7. Maintain a regular sleep cycle

Human beings are creatures of habit, no matter if it’s eating, going to the bathroom, or you guessed it, sleeping, which is why it helps to come up with a day-to-day routine that doesn’t change much from one to the next. Crawling into bed and waking up should happen at the same time each day and doing this will help to sleep train your body, which will make it easier to sleep all through the night. Staying active during the day and forgoing naps can also keep you on track towards success.

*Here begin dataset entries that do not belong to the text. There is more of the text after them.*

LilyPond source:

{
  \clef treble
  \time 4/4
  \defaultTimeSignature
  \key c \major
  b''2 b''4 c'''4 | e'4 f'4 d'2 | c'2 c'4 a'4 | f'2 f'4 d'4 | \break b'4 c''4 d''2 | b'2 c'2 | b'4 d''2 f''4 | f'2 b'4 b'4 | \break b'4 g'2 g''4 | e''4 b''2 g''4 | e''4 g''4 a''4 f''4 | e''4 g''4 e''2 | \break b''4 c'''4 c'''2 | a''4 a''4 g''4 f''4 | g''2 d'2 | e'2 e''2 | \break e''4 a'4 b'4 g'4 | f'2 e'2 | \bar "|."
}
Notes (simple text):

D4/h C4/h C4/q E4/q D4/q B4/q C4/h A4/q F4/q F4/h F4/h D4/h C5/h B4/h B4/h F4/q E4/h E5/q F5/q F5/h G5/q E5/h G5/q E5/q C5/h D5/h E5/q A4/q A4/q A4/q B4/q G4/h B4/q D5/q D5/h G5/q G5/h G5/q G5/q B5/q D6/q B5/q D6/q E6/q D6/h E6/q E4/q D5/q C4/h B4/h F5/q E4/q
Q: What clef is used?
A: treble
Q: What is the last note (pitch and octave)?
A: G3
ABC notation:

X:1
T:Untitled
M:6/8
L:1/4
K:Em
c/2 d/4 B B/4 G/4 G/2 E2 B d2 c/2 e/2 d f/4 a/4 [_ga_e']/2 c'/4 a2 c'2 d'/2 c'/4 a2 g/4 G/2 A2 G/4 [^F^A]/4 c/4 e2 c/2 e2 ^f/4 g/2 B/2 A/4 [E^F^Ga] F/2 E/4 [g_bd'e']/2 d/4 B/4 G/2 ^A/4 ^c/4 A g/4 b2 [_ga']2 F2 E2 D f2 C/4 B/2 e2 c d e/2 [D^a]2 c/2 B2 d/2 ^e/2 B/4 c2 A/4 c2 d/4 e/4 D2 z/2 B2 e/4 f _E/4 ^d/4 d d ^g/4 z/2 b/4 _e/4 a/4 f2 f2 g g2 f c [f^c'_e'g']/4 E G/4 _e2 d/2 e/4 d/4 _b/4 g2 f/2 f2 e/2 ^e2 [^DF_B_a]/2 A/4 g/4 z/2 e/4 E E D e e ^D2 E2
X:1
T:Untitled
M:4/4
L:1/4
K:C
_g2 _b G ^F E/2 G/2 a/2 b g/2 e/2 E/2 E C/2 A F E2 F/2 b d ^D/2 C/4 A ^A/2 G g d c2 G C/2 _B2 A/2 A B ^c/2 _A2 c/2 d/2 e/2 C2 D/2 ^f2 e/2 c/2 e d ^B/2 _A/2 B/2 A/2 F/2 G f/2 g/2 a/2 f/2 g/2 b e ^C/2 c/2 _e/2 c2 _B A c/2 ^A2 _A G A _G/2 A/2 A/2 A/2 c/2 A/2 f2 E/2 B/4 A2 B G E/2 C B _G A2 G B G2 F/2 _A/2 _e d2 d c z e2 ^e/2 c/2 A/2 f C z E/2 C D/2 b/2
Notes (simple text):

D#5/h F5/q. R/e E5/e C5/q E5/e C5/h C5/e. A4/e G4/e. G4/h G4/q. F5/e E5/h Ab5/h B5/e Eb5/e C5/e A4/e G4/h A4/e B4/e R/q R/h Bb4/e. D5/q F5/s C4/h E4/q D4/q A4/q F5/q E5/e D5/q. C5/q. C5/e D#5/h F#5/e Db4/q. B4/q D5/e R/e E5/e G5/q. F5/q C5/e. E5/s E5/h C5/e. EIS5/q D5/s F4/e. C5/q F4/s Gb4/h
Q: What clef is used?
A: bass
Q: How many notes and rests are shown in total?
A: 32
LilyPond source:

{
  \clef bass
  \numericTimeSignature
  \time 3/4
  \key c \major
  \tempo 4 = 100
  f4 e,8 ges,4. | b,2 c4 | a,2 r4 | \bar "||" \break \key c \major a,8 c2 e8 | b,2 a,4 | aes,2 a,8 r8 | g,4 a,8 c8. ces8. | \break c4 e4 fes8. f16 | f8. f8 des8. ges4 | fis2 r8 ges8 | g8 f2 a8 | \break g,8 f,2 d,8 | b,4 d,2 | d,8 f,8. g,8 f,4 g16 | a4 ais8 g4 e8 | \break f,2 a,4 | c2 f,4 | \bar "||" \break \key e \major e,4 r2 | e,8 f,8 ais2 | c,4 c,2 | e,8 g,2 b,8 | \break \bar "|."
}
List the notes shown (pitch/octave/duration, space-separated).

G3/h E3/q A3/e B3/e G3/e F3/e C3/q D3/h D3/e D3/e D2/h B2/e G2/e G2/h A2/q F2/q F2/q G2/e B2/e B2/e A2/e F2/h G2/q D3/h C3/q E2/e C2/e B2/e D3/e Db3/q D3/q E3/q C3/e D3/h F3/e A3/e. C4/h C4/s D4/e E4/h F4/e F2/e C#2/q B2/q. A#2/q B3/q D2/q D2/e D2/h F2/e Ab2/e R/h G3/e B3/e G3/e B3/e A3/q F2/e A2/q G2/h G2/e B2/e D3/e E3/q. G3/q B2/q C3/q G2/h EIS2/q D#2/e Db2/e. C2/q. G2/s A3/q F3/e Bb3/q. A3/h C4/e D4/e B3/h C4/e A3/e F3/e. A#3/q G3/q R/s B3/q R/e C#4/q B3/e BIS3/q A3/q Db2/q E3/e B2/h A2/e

8. Avoid drinking too many liquids

It is important to stay hydrated so that you aren’t waking up in the middle of the night so thirsty that you feel the need to get out of bed, but at the same time drinking too much right before going to sleep is likely to result in several to many unplanned trips to the bathroom. You can fix this by drinking plenty of water throughout the day and then cutting yourself off an hour or two before you get into bed. It’s likely to reduce the number of times you’re woken and help you to get a better night's rest which is amazing for such a small sacrifice.

9. Enjoy a nightcap

Most people prefer tips and tricks for a better night's sleep that don’t cost any money, but a nightcap isn’t an overly expensive solution and it’s an effective one for those difficult evenings when you can’t find solace in the comfort of your own bed. It’s also a suitable option for those who are avoiding cannabis due to drug screening which doesn’t typically include alcohol. Of course, alcohol isn’t for everyone, but it can be a useful sleep aid in some situations.

10. Prescription medication

If you’ve made it through all of the many suggestions on this list, and gotten nowhere, then it might be time to seek out professional assistance through a doctor who may prescribe you any number of sleep aids. There is also the option of melatonin which is an OTC alternative, albeit not anywhere near as powerful as most sleep medicines a qualified professional can prescribe. It might not be your ideal solution, but at the end of the day, we all need to sleep well to feel good and be successful, and sometimes it’s worth making small concessions to get there.